→ **Aim of the exercise**
Each line below must be reproduced exactly, though the pictures are to be dropped.

→ **Given data**
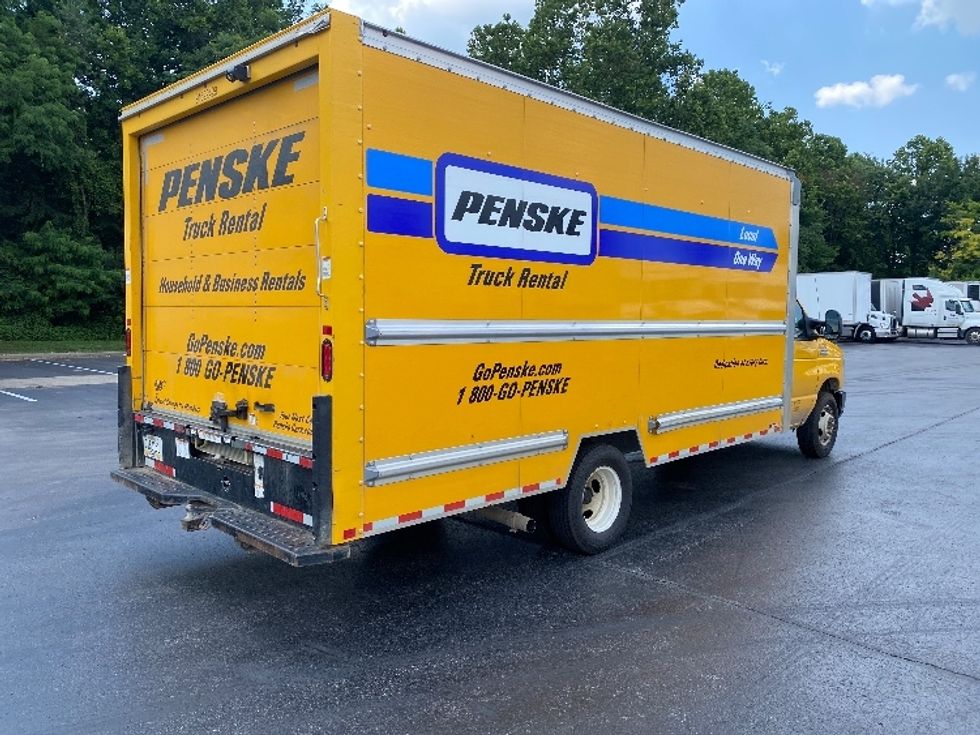 Light Duty Box Truck-Light and Medium Duty Trucks-Ford-2022-E350-Louisville-KY-112,073\n\t\tmiles-$ 23,250 - Image 12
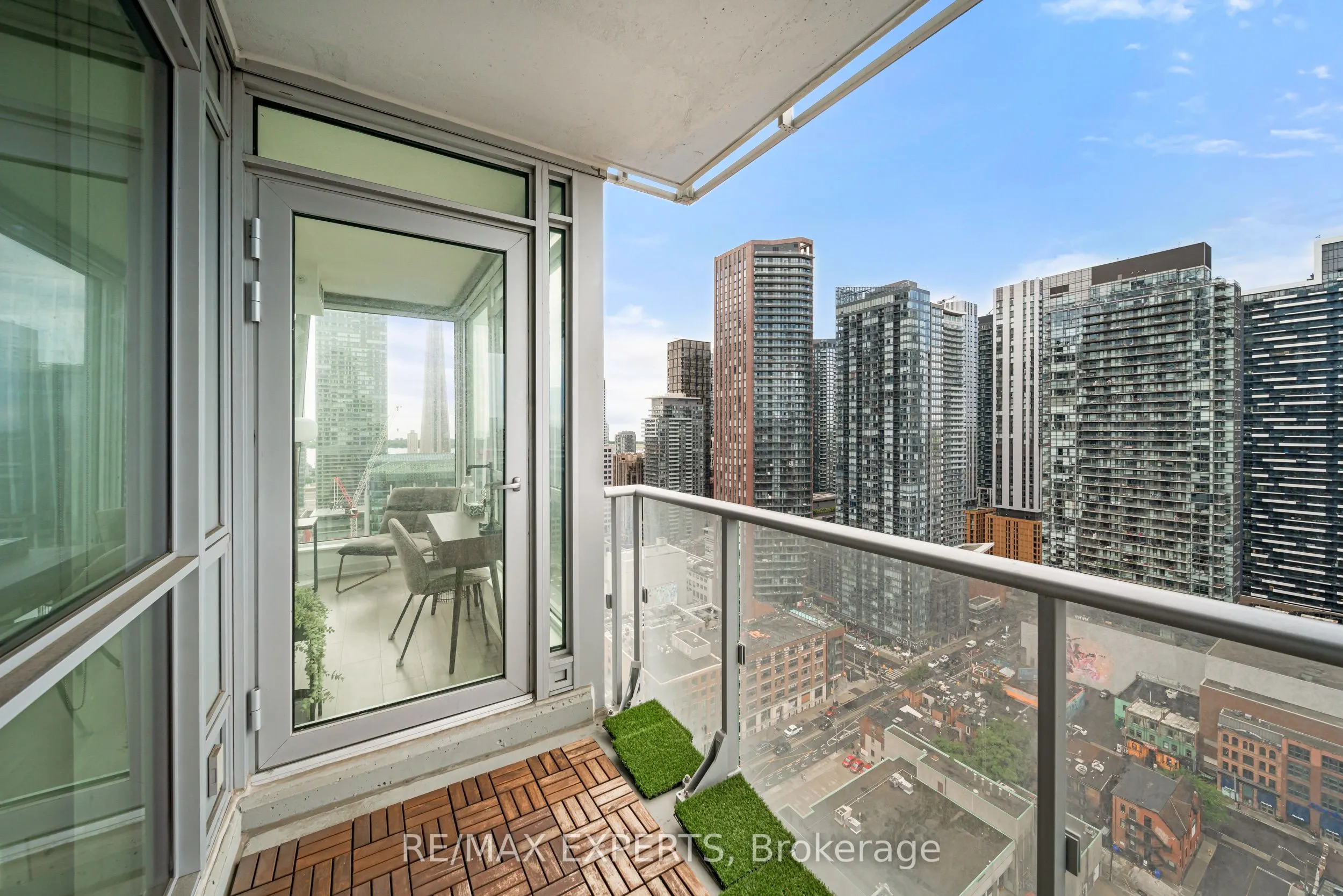 30 Nelson Street, #2807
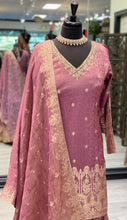 Load image into Gallery viewer, Banaras
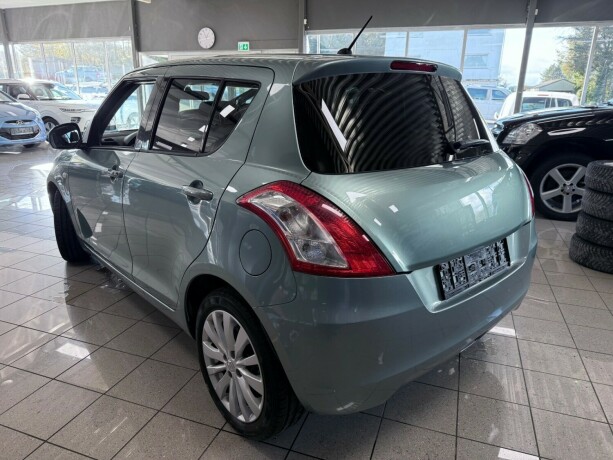 suzuki-swift-bensin-2013-big-4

→ **Response to the task**
 Light Duty Box Truck-Light and Medium Duty Trucks-Ford-2022-E350-Louisville-KY-112,073\n\t\tmiles-$ 23,250 - Image 12
 30 Nelson Street, #2807
 Load image into Gallery viewer, Banaras
 suzuki-swift-bensin-2013-big-4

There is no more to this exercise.